Holcomb penned his frustration in a letter he sent to the Bloomington City Council in March.
"I fully understand that there are a myriad of competing priorities and unforeseen spending that occurs — events that all decision-making organizations have to deal (with)," wrote Holcomb. "However, it has been 12 years. It is time for you, as elected officials, to stop kicking this can down the unsafe road."
The city is looking for "creative ways" to come up with the funding, including exploring cost-sharing agreements with developers of the neighborhood, said City Manager Tim Gleason.
"We have been working to better understand the history of the Lutz Road project, including the review of any prior commitments, discussion and confirming the details and status of agreements in place to decide what any potential next steps may be," said Gleason, who was hired a year ago.
Back in February 2018, city public works staff told the council that Lutheran Life Communities, which owns Luther Oaks, had a now-expired annexation agreement that obligated the company to contribute $28,645 to road improvements.
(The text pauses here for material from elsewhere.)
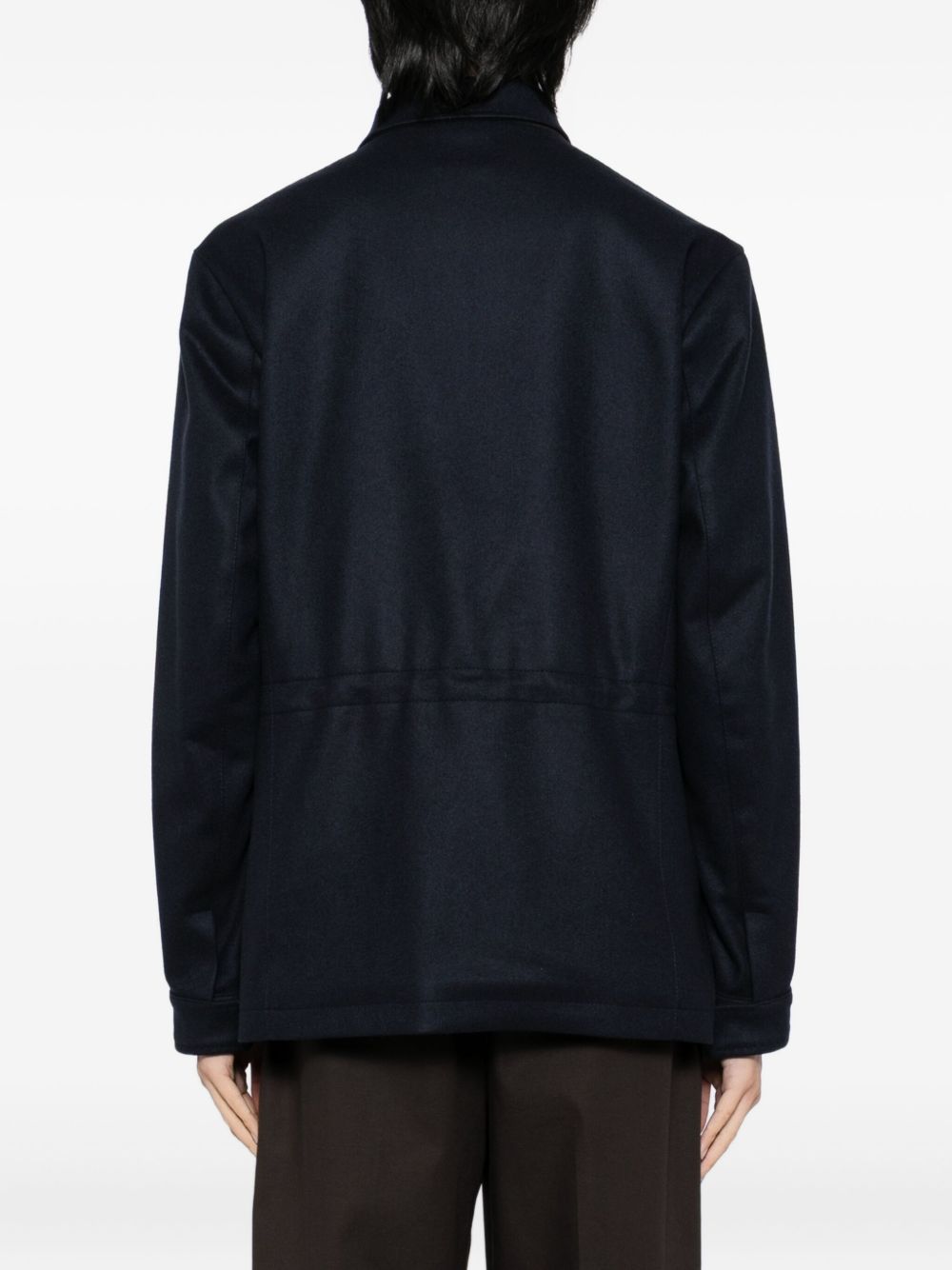 flap-pocket cashmere jacket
The city began pursuing a cost-sharing agreement with Lutheran Life after the organization approached the city with an offer to donate $150,000 toward the road's improvement.
The developer of Wittenberg Woods, Vernon Prenzler, had an annexation agreement that called for him to pay for $23,000 once the city finished improving Lutz Road. The agreement remains in effect until January 2024; Prenzler died in March.
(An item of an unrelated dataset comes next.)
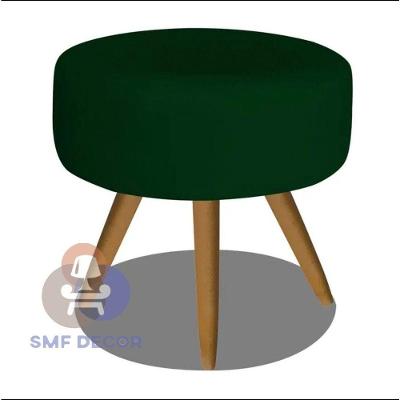 Puff Redondo Descanso Para Os Pés Com Pézinho Palito Smf Decor verde Veludo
Work on Lutz "is a high priority, mainly for safety reasons," said Ward 2 Alderwoman Donna Boelen, who was elected in April. "If there can be some kind of cost-sharing, that would certainly help the city as far as its expenditure. ... But bottom line, Mr. Gleason and the council have to have written documents presented to them that show whatever the agreements were. One of the key points is to see if the developers owe any money to the city for the developments out there.
"There have been a lot of staff changes over the past five or six years, including the city manager and the director of Luther Oaks. Until all of those details can be be found, I personally don't see how we can move forward," said Boelen.
Doug Rutter, who became Luther Oaks executive director about 18 months ago, said he does not know the status of Lutheran Life's annexation agreement or if the organization has contributed funding for the road work.
"I am very encouraged by conversations I have had with the new city manager, city staff and the current council members about Lutz Road, and we are looking at a number of different scenarios under which we could get the improvements to the road completed," said Rutter.
Tyus said "increasing the level of local roadwork continues to be important community-wide, and we have to consider all projects within this context. We will continue to work with Luther Oaks leadership and other interested parties, both to keep them informed and to determine the best course of action and would expect to have an answer on future direction soon."